[AVAILABLE DATA — start]
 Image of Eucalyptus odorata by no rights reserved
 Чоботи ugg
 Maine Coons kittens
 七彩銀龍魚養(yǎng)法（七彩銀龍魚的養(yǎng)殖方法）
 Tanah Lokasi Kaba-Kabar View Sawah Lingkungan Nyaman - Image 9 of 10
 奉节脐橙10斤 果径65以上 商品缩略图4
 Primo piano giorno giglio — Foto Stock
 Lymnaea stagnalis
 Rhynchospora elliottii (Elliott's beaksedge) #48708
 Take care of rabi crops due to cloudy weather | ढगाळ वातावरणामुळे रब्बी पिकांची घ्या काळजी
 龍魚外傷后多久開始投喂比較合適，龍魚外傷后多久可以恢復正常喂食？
[AVAILABLE DATA — finish]
[AVAILABLE DATA — start]
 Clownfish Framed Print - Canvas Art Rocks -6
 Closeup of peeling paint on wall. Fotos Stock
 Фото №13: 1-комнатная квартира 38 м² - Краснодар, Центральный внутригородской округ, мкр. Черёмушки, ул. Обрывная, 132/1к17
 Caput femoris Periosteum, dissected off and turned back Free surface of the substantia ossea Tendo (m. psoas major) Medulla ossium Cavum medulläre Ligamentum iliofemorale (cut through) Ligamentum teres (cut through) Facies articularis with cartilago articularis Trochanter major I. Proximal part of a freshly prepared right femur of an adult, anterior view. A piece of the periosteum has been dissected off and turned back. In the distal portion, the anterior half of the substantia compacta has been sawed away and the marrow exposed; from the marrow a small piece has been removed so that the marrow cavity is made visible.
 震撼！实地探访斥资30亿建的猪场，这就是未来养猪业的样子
[AVAILABLE DATA — finish]
Could you transcribe the entries above word for word, from the line with "Primo piano giorno giglio — Foto Stock" down to the line with "龍魚外傷后多久開始投喂比較合適，龍魚外傷后多久可以恢復正常喂食？", keeping both?

 Primo piano giorno giglio — Foto Stock
 Lymnaea stagnalis
 Rhynchospora elliottii (Elliott's beaksedge) #48708
 Take care of rabi crops due to cloudy weather | ढगाळ वातावरणामुळे रब्बी पिकांची घ्या काळजी
 龍魚外傷后多久開始投喂比較合適，龍魚外傷后多久可以恢復正常喂食？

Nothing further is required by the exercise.